Six weeks and six months tend to be difficult times apparently. We are at the first “six.” As of last week, we have been in Indonesia for six weeks.
As that mark approached, the homesickness flooded in out of no where and it’s so hard to describe.
I’m just sad. There’s a heaviness that I’m just not sure what it’s about.
I’m doing all the things I know to do to keep myself healthy mentally so I know it’s just a normal phase of this adjustment. I’m so thankful for the training and preparation MAF had us do before coming and for all the seasons God used to grow us over the last 20 years to prepare us for such a time as this.

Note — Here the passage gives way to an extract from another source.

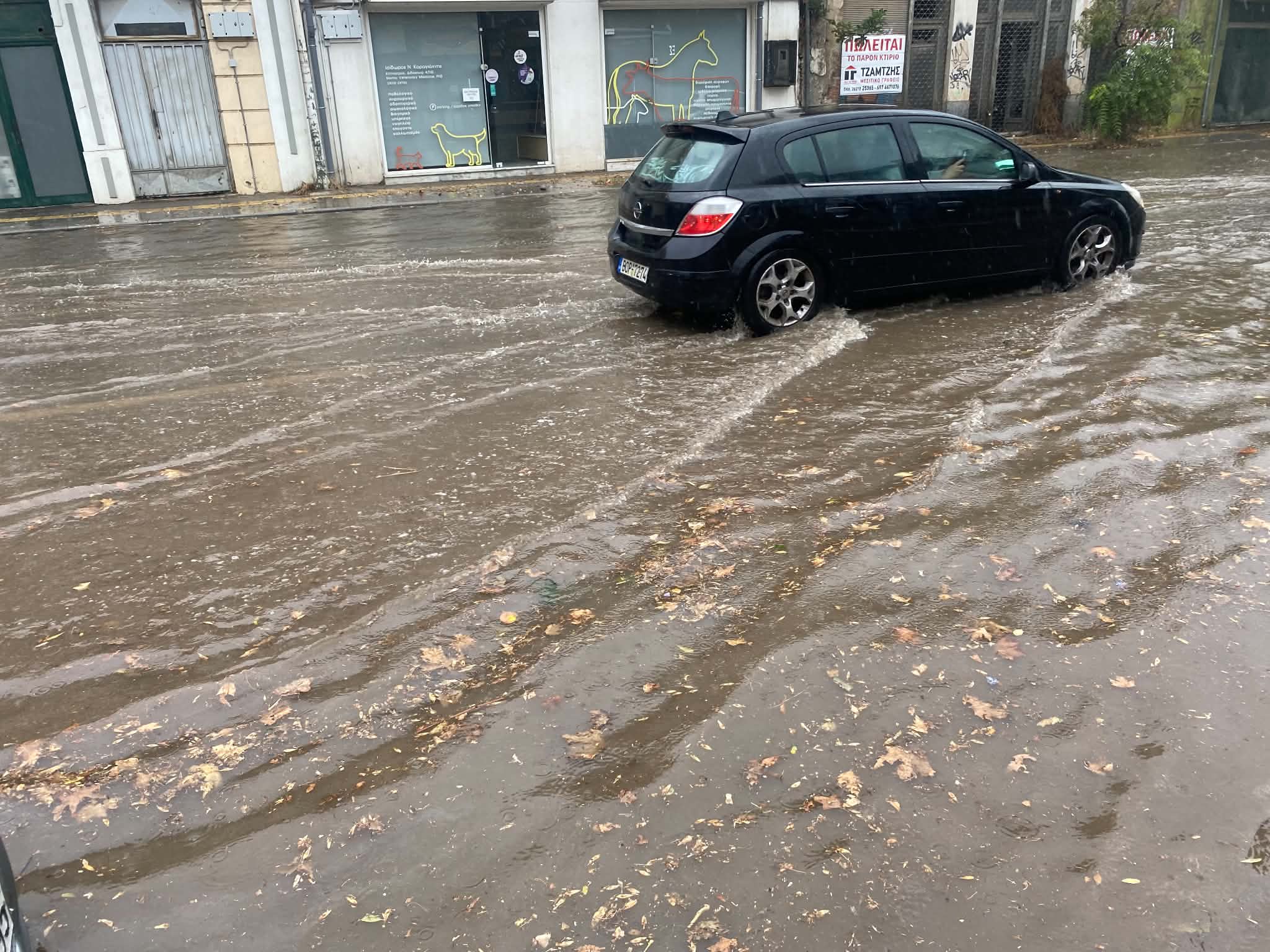 Βόλος: Ισχυρή καταιγίδα με χαλάζι – Ποτάμια οι δρόμοι σε Γρηγορίου Λαμπράκη και Παλιό Λιμεναρχείο (ΦΩΤΟ+video)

This too shall pass. It might be like passing a kidney stone, but it will pass.
In other news……
Emma had her first volleyball game last Friday. She made VARSITY this year. So proud of her! But, I do believe her game Friday night might have been one of the only times my kids have not had a grandparent attend their game. Although my mom did get up at 3:30 AM for me to message her with updates while the game was going on :) Also, our whole MAF family in Salatiga here showed up and cheered and yelled and embarrassed Emma so that felt like home… haha!

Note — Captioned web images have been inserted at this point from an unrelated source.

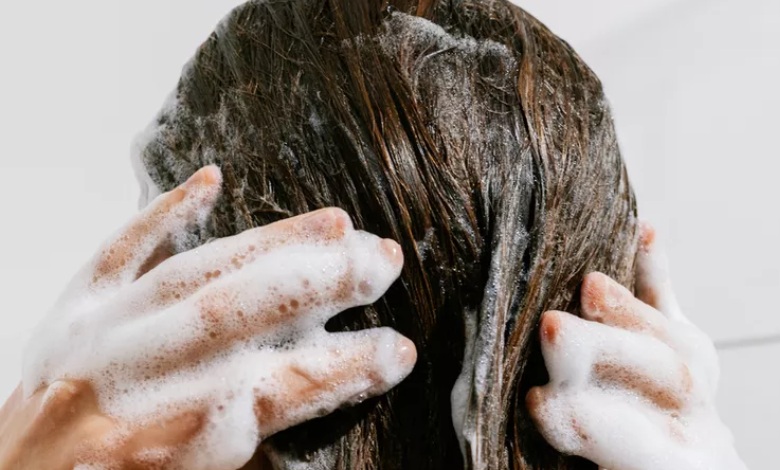 هسته اصلی روتین مو، انتخاب شامپو و شست‌وشو به‌اندازه و صحیح موهاست.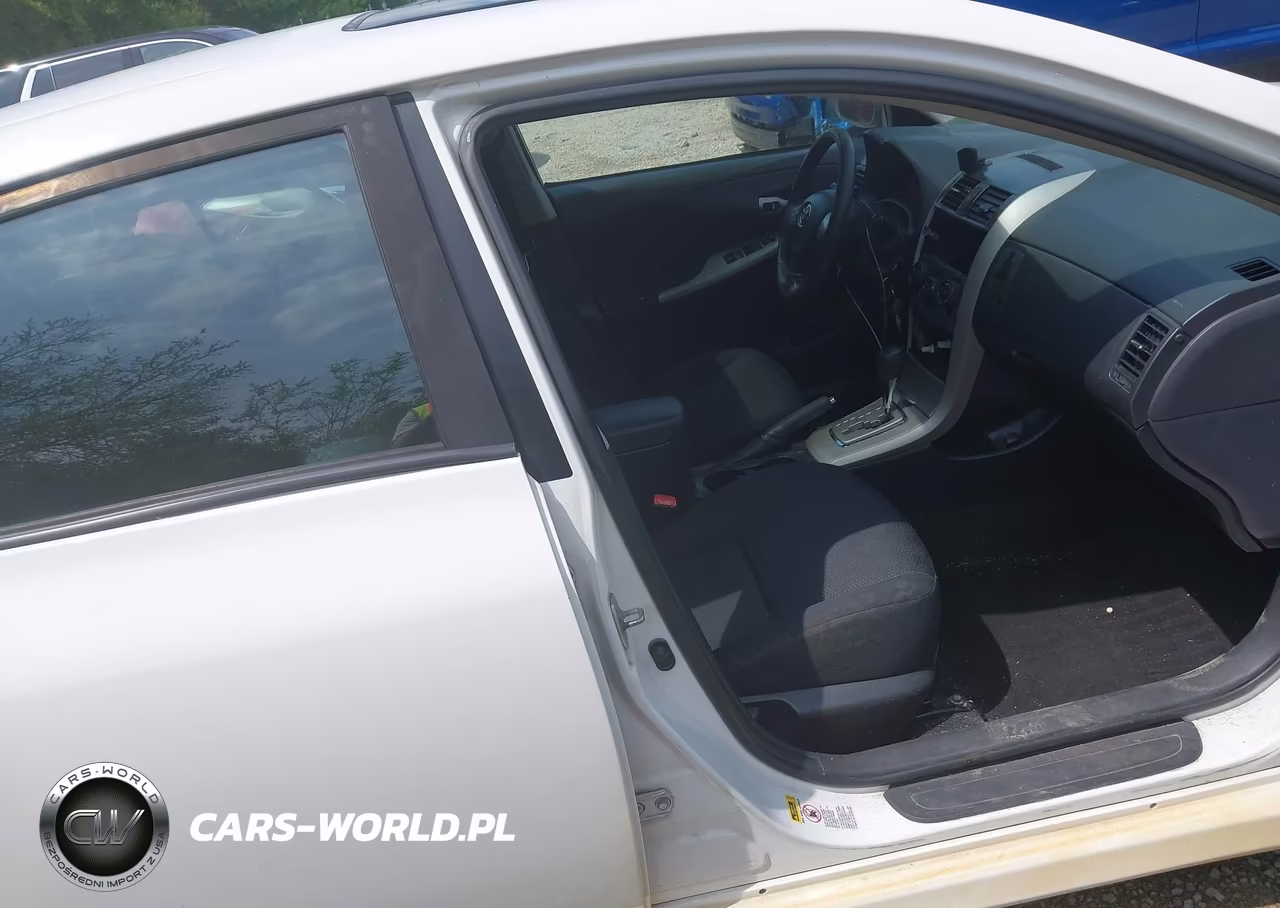 2010 Toyota Corolla S VIN:2T1BU4EE6AC451420 - 5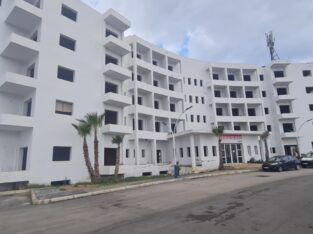 hôtel semi fini a vendre a cabo nergo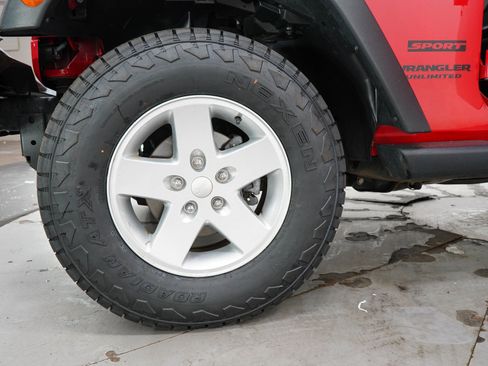 Used 2015 Jeep Wrangler Unlimited Sport w/ Quick Order Package 24S AWD/4WD image 26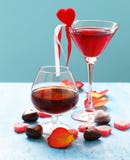 Boissons alcoolisées pour la partie de fête Coeurs de bonbons au chocolat Date le jour de valentines images libres de droits Boissons alcoolisées pour la partie de fête Coeurs de bonbons au chocolat Date le jour de valentines images libres de droits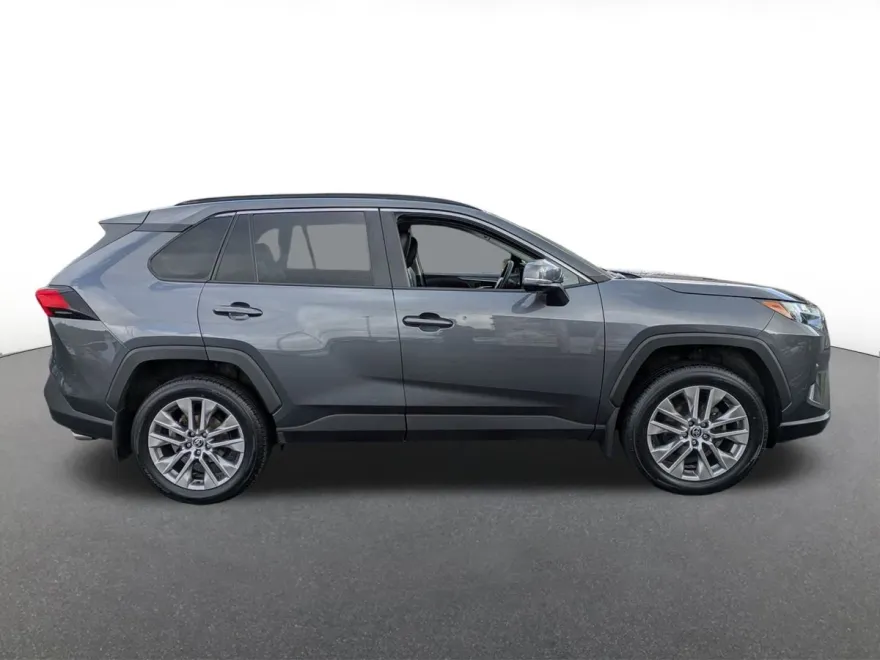 2022 Toyota RAV4 XLE Premium photo 1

Jack and I passed our first unit of language school! Puji Tuhan!!
Jackson’s foot healed and he has decided to try out volleyball this week and see if he is healed enough to handle it.
RJ is rocking helping us study, learning Bahasa from practicing our flashcards with us and sitting in on our classes. As always, he could use prayers for adjustment and attachment.
Thanks for all your comments and encouragement. They mean more than you know!